A tentoni nel buio di Paolo Polvani | Una parola si bea, al sole, pulsando infinita: alcune domande ad Anna Rita Merico a proposito del suo Se tolgo il nodo (Musicaos editore, 2023)
1) Della tua produzione mi colpisce, e mi piace molto, un titolo: “Una parola si bea, al sole, pulsando infinita”. Nella postfazione al volume Se tolgo il nodo, firmata da Claudia Mirrione, si fa riferimento alla “celebrazione della parola come evento e accadimento”. Ci illumini su questo concetto?
La parola poetica nasce, per me, da sedimentazione e storia di pensiero individuale, in poesia ogni parola è incrocio di luoghi e di eventi individuali o collettivi. Allorché una parola diviene parte pregna di un dirsi in poesia, quella parola riesce a trasmettere ritmo e pulsazione di significato. Ciò la differenzia dalle altre ma, anche,
la differenzia dalla condizione di parola utile alla quotidiana comunicazione. E’ parola che si allunga e si dipana al di là del proprio significato immediato e, dunque si bea al sole che è anche un modo per dire che è parola a tuttotondo con vita propria. Il pieno costituito dalla genesi di una parola è atto cui prestare attenzione.
La parola sedimenta sensi, chiede –sempre- nuovo calore di forgia e si mostra diversa, nuova, scandalosa, inaspettata, ogniqualvolta un diverso contesto la plasma.
2) Anche Fenomenologia del silenzio, tuo libro precedente, è un titolo ricco di fascino. Ci racconti di questo libro e di questo titolo?
Fenomenologia del Silenzio nasce dal desiderio, iniziale, di tenere insieme sillogi
introvabili per sorti varie delle Case di riferimento. Poi, nel farsi di impaginazione,
revisione diviene altro. Diviene una resa di percorso quasi ventennale in cui le
differenze di postura del pensiero poetico dinanzi alla realtà, rendono conto di
cambiamenti e visioni. Molto di questa pubblicazione deve alla lunga attività svolta
in ambito filosofico e, dunque agli attraversamenti di temi legati al periodo classico,
temi che ho preso in considerazione a causa del forte rimbombo e richiamo che
scorgo per le domande di un oggi impegnato a riflettere su radicali mutamenti dei
percorsi di umanizzazione. A mio parere, il silenzio è la prima soglia da raggiungere
per entrare in una dimensione di ascolto. L’esperienza del silenzio di cui rendo conto
è quella di un silenzio che, nel suo procedere, diviene sempre più “doppio”, quasi
materico, entità con cui discorrere. Da ciò l’utilizzo di fenomenologia: modalità di
lettura per un prendere forma capace di mutare intere percezioni di realtà.

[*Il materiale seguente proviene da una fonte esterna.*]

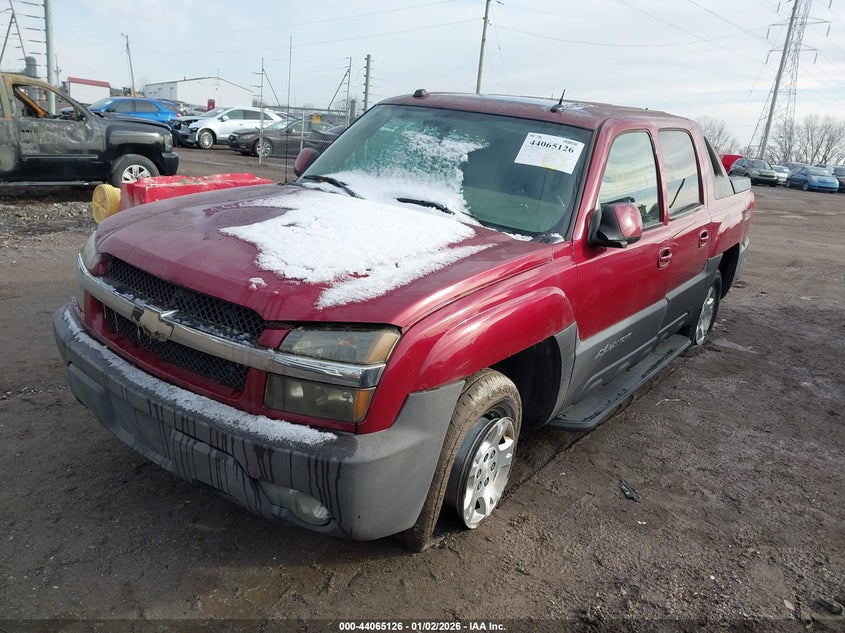 2004 Chevrolet Avalanche 1500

3) Un tuo verso afferma: “Il linguaggio è tentacolo filiforme”. Dunque la tua produzione è tutta indirizzata verso la celebrazione della lingua?
No, non “celebrazione” ma grande attenzione verso le sorgenti della parola, questo
sì. La parola che sorge da orizzonte esistenziale, la parola che prende forma da
silenzio capace di condurre all’epifania, la parola che dice un’intera dimensione
esistenziale e, per fare ciò si ri-fonda in forme altre raccogliendo sedimento di più
parole in una. Ecco l’attenzione alle sorgive di una parola mi affascina, questo stare
dentro l’attimo in cui essa palesa il proprio avere anima, il proprio stare dentro lo
spazio di una propria autonomia, il proprio corpo espressivo. Questo, mi affascina.
4) -Se tolgo il nodo- si compone di ventitré fotogrammi che racchiudono domande sulla realtà, oggi. Che tipo di realtà raccontano?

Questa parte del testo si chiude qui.